# Problems with my 35 whelen



## Nathanwild

I got a single shot Handi rifle from H&R that is a 35 Whelen about a year ago and I just cant get it to shot right. I have tired several different scopes on it and i cant get it to shot with any accuracy. I don't know whats wrong I don't know if there is much that can go wrong with a single shot. any ideas of what it might be?


----------



## Critter

What are you calling accurate? I am not familiar with that rifle but on my Ruger #1 22-250 if the forarm screw is too tight accuracy will go all to _____ But with it set up right it shoots sub moa all day long at 100 yards.


----------



## gwailow

What ammo did you shoot from it? I know the HR 35 Whelen has issues with some ammo....


----------



## Loke

First of all, the Handi Rifle is not known for its stellar accuracy. Neither is the 35 Whelen cartridge. If you are getting 2" or better groups at 100 yards, you are doing better that any reasonable person should expect from that rifle and cartridge combination.


----------



## gregkdc

Handi’s can be accurate but they are finicky at the same time. 

The first thing I would check is to make sure there is no oil on the latch and latch shelf. Apparently this small amount of oil can make so the gun doesn’t close up consistently and effects accuracy.
Also have you tried floating the forend? This can easily be done by taking the forend off and place either a rubber washer or grommet onto the forend lug. When you screw it back together this should lift the barrel off of the forend.
Last because of how they are made some handi’s never shoot well. I have a .30-06 handi that no matter what I did I couldn’t get it to shoot less than 3” at 100 yards. When I started reloading I found out that the chamber of this gun has an excessively long throat. It is the consensus of many handi owners that if you get one of the handi’s with a long throat that the gun will never shoot well. 
I have thought about rechambering my gun to something like a 300 mag so that most of the throat will be cut out but that is just another project on my to do this. In the mean time I bought a marlin XL7 and have no problems getting decent groups.
All the info I just gave you can be found at the graybeard outdoors forum.


----------



## ultramagfan2000

that's a bummer deal man I have a handy rifle in a 45-70 and found out the thing is a phenomenal for accuracy.


----------



## Squigie

Loke said:


> First of all, the Handi Rifle is not known for its stellar accuracy. Neither is the 35 Whelen cartridge. If you are getting 2" or better groups at 100 yards, you are doing better that any reasonable person should expect from that rifle and cartridge combination.


Oh, come on...
Don't blame the cartridge. There's nothing wrong with .35 Whelen. 
As far as "inherent accuracy" goes, it actually has an advantage over smaller calibers and smaller cartridges, due to the ease of manufacturing the larger components and loading the ammunition with tighter tolerances (resulting in better consistency).
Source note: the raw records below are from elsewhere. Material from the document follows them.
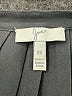 Joie 100% Silk Gray Long Sleeve Silk Top Size XS - photo 7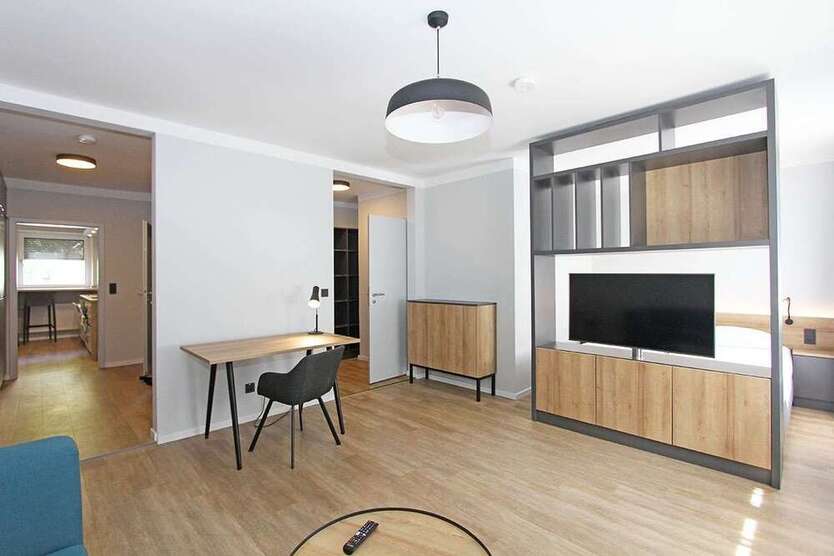 Wohnung zum Mieten in München 1.600 € 50 m²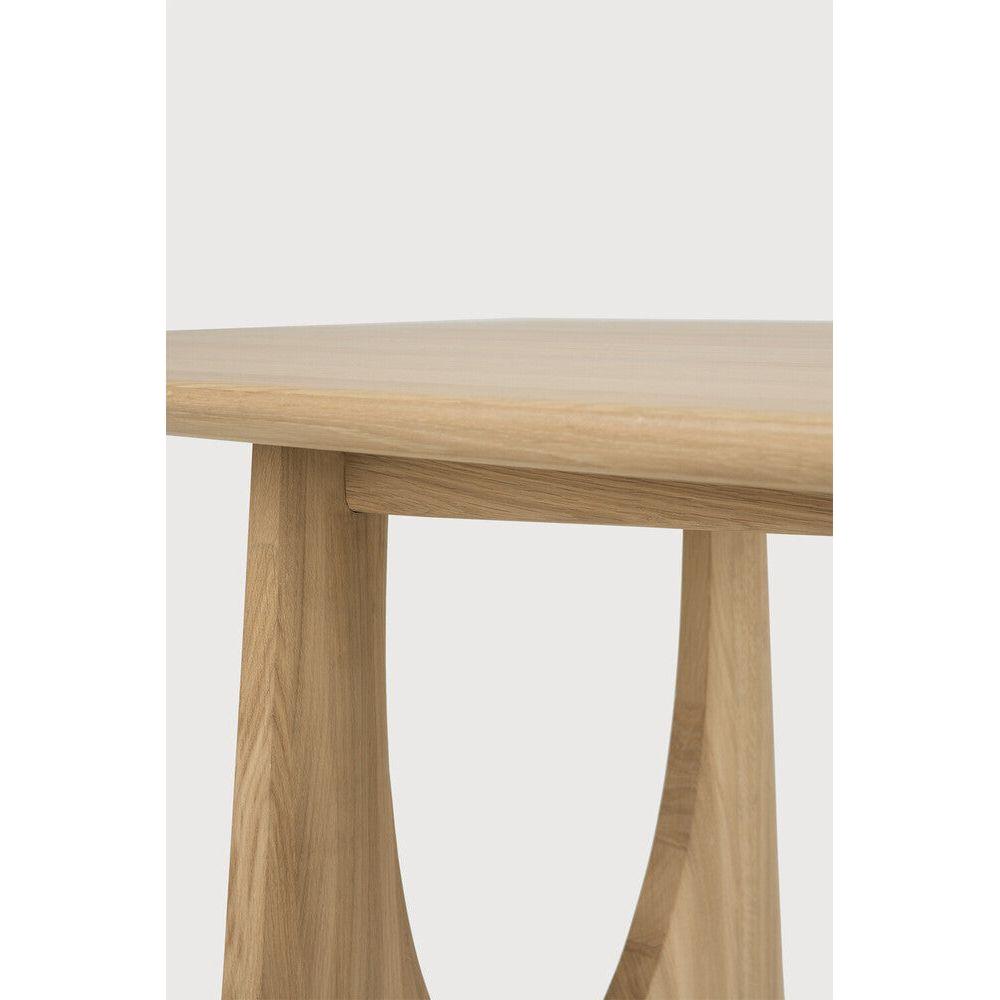 Geometric Dining Table - Light House Co.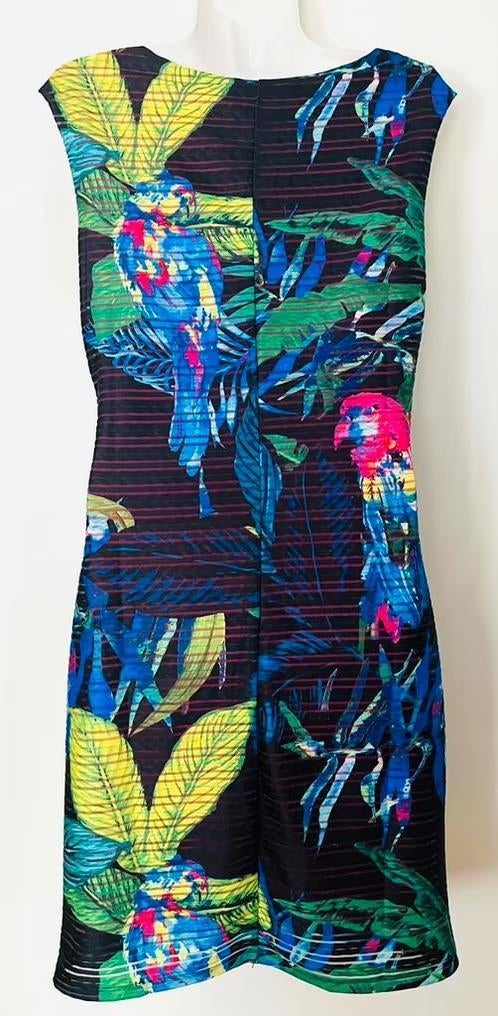 Smashed Lemon jurkje maat 36/S, Kleding | Dames, Overige kleuren, Nieuw, Ophalen of Verzenden, Knielengte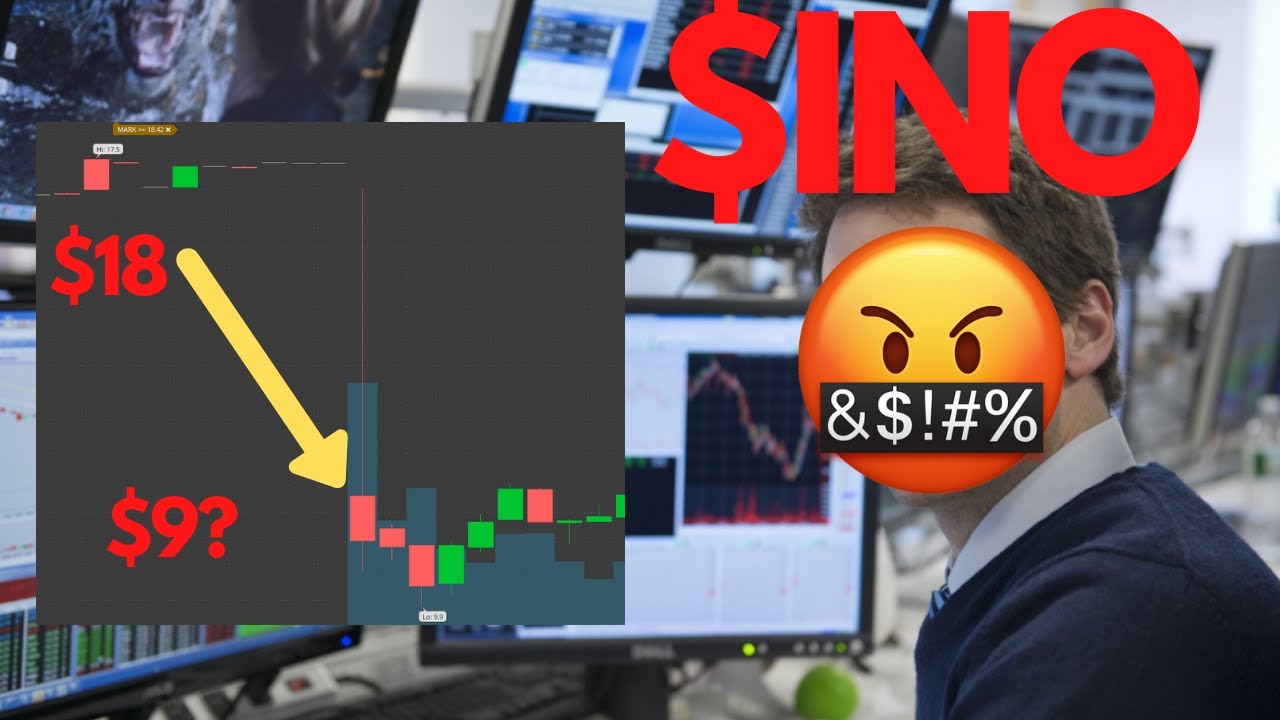 SHORT SELLERS Traders Saying 
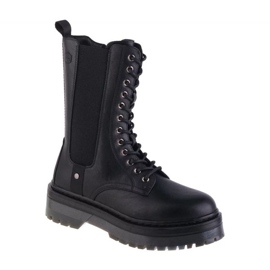 Chaussures Lumberjack Elyse W SWC1513-002-S01-CB001 noir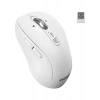 Everest Eternal USB Beyaz 2.4ghz 3000 DPI Kablosuz Mouse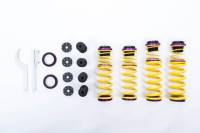 KW H.A.S. 2016+ McLaren 540C, 570S, 570GT - (MA3) Race Height Adjustable Spring Kit - 25337001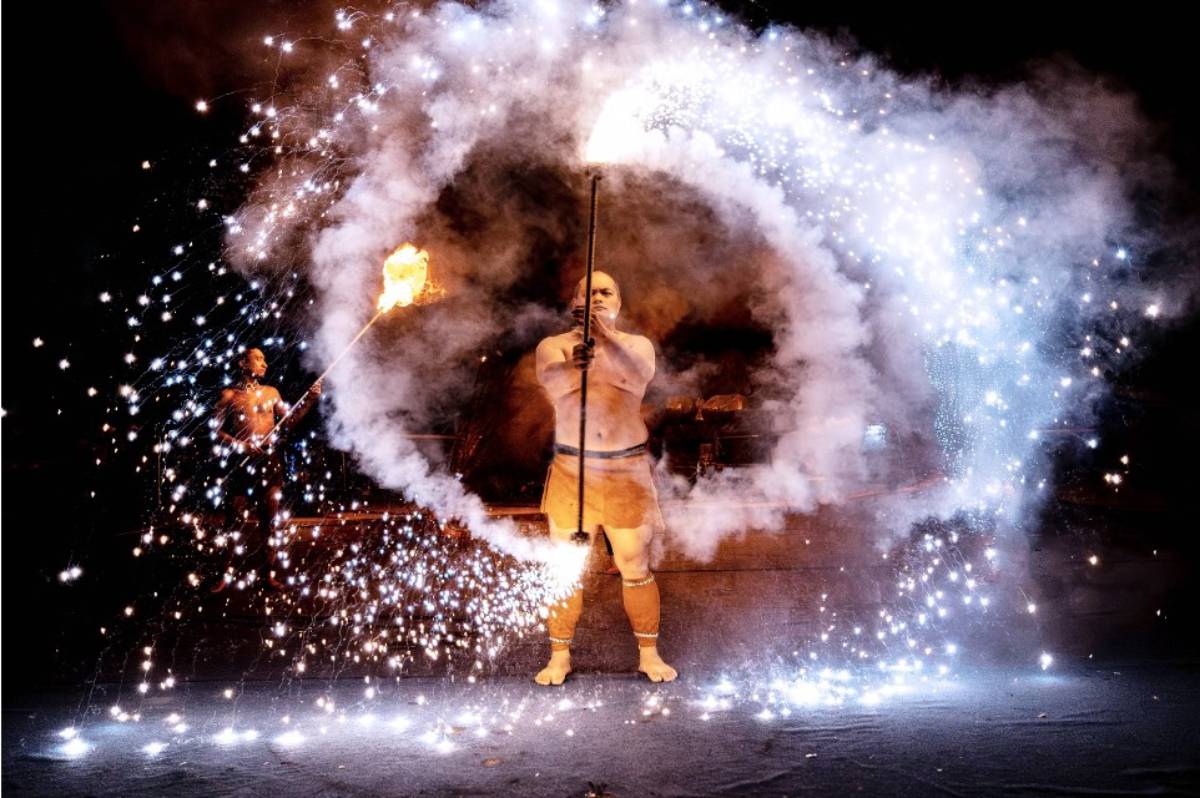 全台規模最大的賞櫻盛會「2026九族櫻花祭」！即將於1/31至3/8盛大展開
Large caliber barrels are also easier to keep bored straight and rifled with better consistency, than smaller calibers.

When you see "Handi-Rifle" and "problem" in the same sentence... the problem _is_ the former.

H&R single actions have had a lot of variability in their quality and fit for about 20 years. Some of the actions are so loose, it's amazing they let the rifle out of the factory. Others can be so tight, they barely lock up or don't do so consistently.
Accuracy on the 'tight' rifles is generally pretty decent, and gets better with a little wear.
Accuracy on the loose rifles is generally pretty bad, and dives to abysmal with an inconsistent rest/hold technique.
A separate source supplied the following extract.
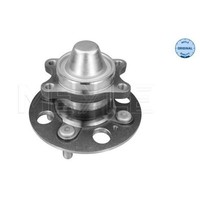 Meyle Radnabe Hinten FüR Kia Picanto Sa Ba Rio Ii Jb Hyundai Getz Tb Accent Iii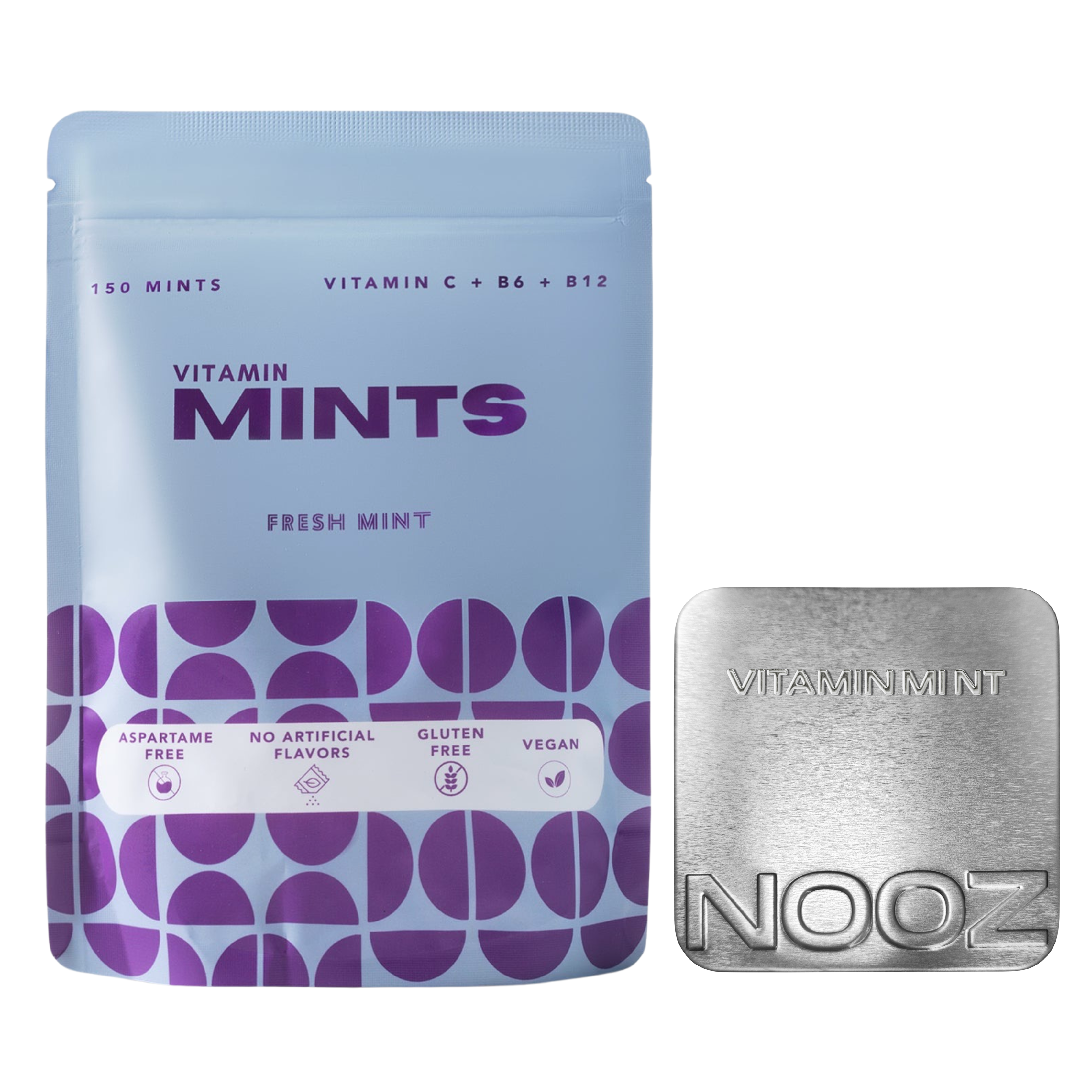 VITAMIN MINTS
The only way to fix a rifle that is loose when locked up, is to send it to H&R for barrel replacement, or have a gunsmith re-fit the barrel lug (by adding metal with a TIG welder, before re-contouring and hand-fitting it to the action).

In addition...
H&R was having some problems with headspace in their .35 Whelen models, a few years back. They were cutting the chambers too large and too long; resulting poor accuracy, difficult extraction, and in inconsistent ignition - if they would set the cartridge off _at all_. The problem was made worse by loose lockup, on rifles so-affected.

If your rifle doesn't lock up tightly, it isn't likely to ever show impressive accuracy.
If it does lock up well, start looking at the other possibilities: rest/hold technique, scope base, rings, excessive fouling in the bore, etc...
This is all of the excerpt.